Musings on the Metamorphosis of a Psychotherapist

The Pulsating Pupa Stage:

My promise to try to be of service to brokenhearted fellow beings, made at 16 years of age, became a gateway to my budding psycho-spiritual path, one which began to embrace the true meaning of the word "compassion": the sincere desire to help to alleviate another's suffering. I vowed to one day devote myself to caring for other people. I knew that I would engage in this calling in a much more humane and heartfelt fashion than what I had personally experienced. This promise started to infuse my being with a faint sense of purpose, hope and meaning. I slowly began to re- embody my own life. My outer weight came on readily with the help of appetite stimulating drugs. My accrual of a substantive internal sense of self would prove to be a much more grueling and drawn out process.

Baby bird

N Ditz

"The Buddhist word for compassion (karuna) means a clear intention or wish to help relieve the suffering of another person. Mindfulness is clearly not detached. It is not the removed, distanced, objective awareness of the scientist. It is warm, human awareness, a caring and understanding kind of awareness."

~ Thomas Bien
Wooded trail

Frida Kahlo

"Think....of the world that you carry inside you... only be attentive to what is rising within you, and place that above everything you perceive around you.... What is necessary, after all, is only this: solitude, vast inner solitude. To walk inside yourself and meet no one for hours -that is what you must be able to attain."

~ Rainer Maria Rilke

During my late adolescent and young adulthood years, I began to cultivate what would very gradually and subtly blossom over many years into an close knit connection with a cozy and consistent Inner Beloved Friend: a warm bedrock upon whom I could rely for comfort, stability and intuitive wisdom. This was nourished in part by immersing myself in the introspective world of psychological, philosophical and spiritual solitary contemplation. I devoured literature addressing existential-humanistic concerns as well as psychological and spiritual pathways toward transmuting suffering into insight, healing and higher states of awareness. I also closely studied and wrote about my own tendrils of consciousness and dreams as a means of trying to make sense of my emotional turbulence. Depression and anxiety certainly continued to be shadow companions who came along on this ride; however, they were slowly mellowing and easing into the hammock of my strengthening inner fretwork.

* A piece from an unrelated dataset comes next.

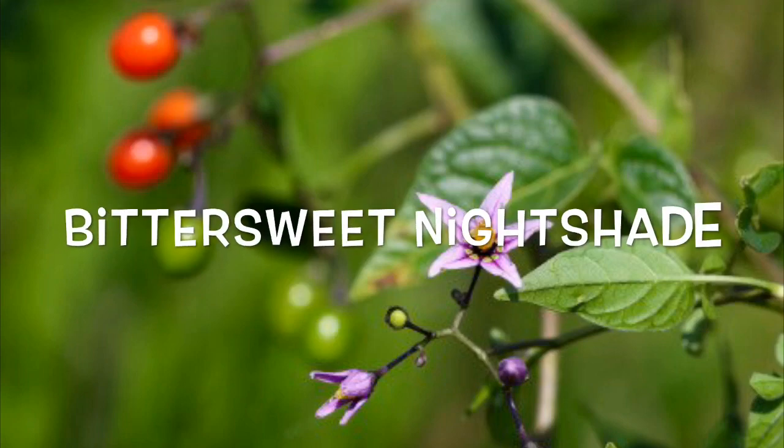Bittersweet nightshade: this woody perennial has a stem that grows through the year and can reach up to six feet. Purple flowers in groups of three or more bloom around July or August. Kids are sometimes drawn to the roundish, juicy, glossy red poisonous berries. The poison solanine can give you a headache, drowsiness, stomach ache, vomiting, trembling, lower temperature, dilated pupils, and diarrhea.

I step by slow-footed step became more and more familiar with my inner cottage garden of creeping and climbing thoughts, feelings and subjective perceptions. I started, in bits and pieces, to sometimes experience my insides shimmering like a warm, rooted, cradling presence: a safer space I could return to again and again to rest, retreat, ponder, dream, fantasize, and reflect. Proximity and time spent together is a known factor in creating and deepening relatedness. I was nurturing intimacy with myself. And I was beginning to grow invisibly, in private and protected interior gardens, a Self. This required leaving my family of origin during late adolescence and cutting off contact for several years in order to protect my insides from further emotional wounding and invasion.

Wooded trail

Terra Rathai

"Contemplate the workings of this world, listen to the words of the wise, and take all that is good as your own. With this as your base, open your own door to truth. Do not overlook the truth that is right before you... Learn from holy books and wise people. Everything-even mountains, rivers, plants and trees -should be your teacher."

~ Morihei Ueshiba

The challenging psychological pilgrimage born in my childhood, kindled by my introspective nature and toughened in the harsh weather of my emotional pain, would prove to be a serious inspiration for my becoming a more authentic and self-aware human being as well as an empathic psychotherapist. It helped me to develop a keen capacity for witnessing subtle details in both my intrapsychic and external world. It encouraged me to deepen my understanding of the thicket of my mind, its twisting and tangling undergrowth. It provoked me to hybridize and refine my felt and conceptual insights into the human psyche. It tenderized me toward beginning to care about others, their psychological struggles. The arduous experiences of my youth and my chosen ways of relating to my psyche and coping with my own suffering were revealing themselves to be a useful hothouse for my growth as a soulful person.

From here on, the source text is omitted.